Le oltre 900 fotografie del "Fondo Pasinetti" del CISVe sono disponibili online, catalogate e depositate nel Catalogo Regionale dei Beni Culturali.

Fondo Armando Pizzinato

Il Fondo Armando Pizzinato (Maniago, 1910-Venezia, 2004), donato in parte dalla figlia Patrizia nell’aprile 2007, e in parte da Silvana Tamiozzo Goldmann nel giugno 2009, raccoglie, accanto ai carteggi con artisti e intellettuali del Novecento, alcuni schizzi, schemi per gli allestimenti delle mostre, appunti per conferenze e studi critici, materiali di studio per i propri cataloghi, volumi e una ricchissima varietà di pieghevoli-inviti per mostre. Il Fondo è stato presentato in occasione del Convegno nazionale  «Un “costruttivo” pittore della realtà». Armando Pizzinato a cento anni dalla nascita, tenutosi a Venezia il giorno 25 novembre 2010.

Fondo Bianca Tarozzi

Il suo variegato e prezioso archivio cartaceo copre l’arco cronologico dai primi anni Sessanta ad oggi e comprende epistolari (con nomi quali Giulia Niccolai, Anna Cascella, Attilio Bertolucci, Alfonso Berardinelli, Gianni Scalia, Leone Traverso e con i direttori delle riviste con cui ha collaborato, come la “Jean Rhys Review”, “Linea d’Ombra”, “Quaderni di Gestalt”  e con case editrici come Mondadori e Marsilio);  prove di traduzioni  poi pubblicate (De Quincey, Housman, Dickinson, Rhys, Woolf, Lowell,  Bishop,  Plath, Merrill e altri); saggi, diari, appunti scartafacci vari; diverse stesure con varianti della sua opera poetica e del suo romanzo.

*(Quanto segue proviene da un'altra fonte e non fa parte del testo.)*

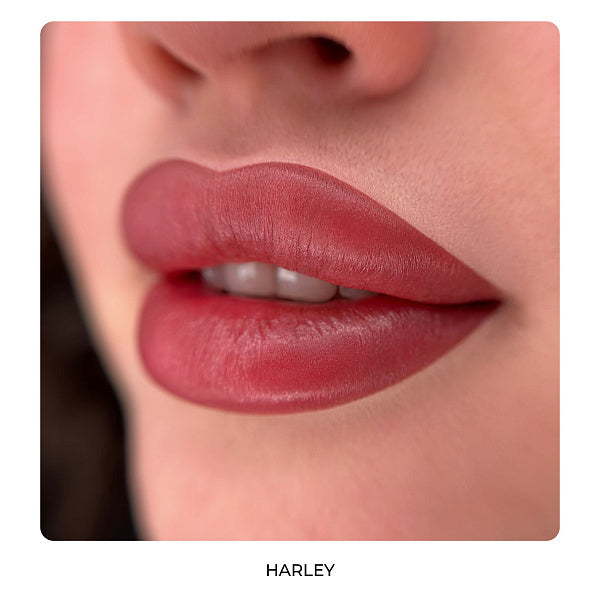 Lip Set HARLEY QUINN by AS Company & Alla Budaragina Hybrid 6pcs/6ml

All’interno del suo archivio va segnalata un’importante sezione di carte donatele dal germanista e traduttore Gio Batta Bucciol che contiene inediti di Montale, Luzi, Gerhard Rohlf  e altri. 

Fondo Paolo Zolli

Il Fondo Paolo Zolli (Venezia 1941-1989) e la sua biblioteca sono stati acquisiti dal CISVe grazie all’interessamento di Giorgio Padoan, per lunghi anni direttore del Centro, dopo la morte dello studioso.  

Le operazioni di inventariazione del fondo cartaceo sono state prese in carico dall’ “Archivio delle Carte del Contemporaneo” e portate a termine nel maggio 2016.

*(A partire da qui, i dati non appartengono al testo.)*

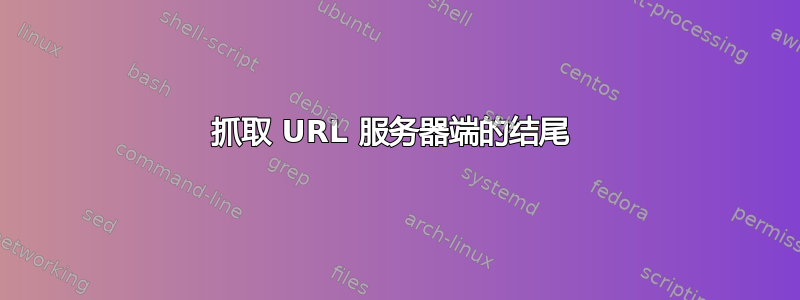 抓取 URL 服务器端的结尾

L’ammontare dei materiali riguarda prevalentemente la sua attività di linguista, storico della lingua e dialettologo, pur non mancando una serie di scritti divulgativi di carattere religioso, storico e anche faceto. Tra i nuclei di maggior interesse si segnalano i quaderni per l’allestimento del DELI – Dizionario Etimologico della Lingua Italiana, alcuni studi sulla storia istituzionale e dunque linguistica della Venezia medievale, metodologie etimologiche, dialettologia applicata.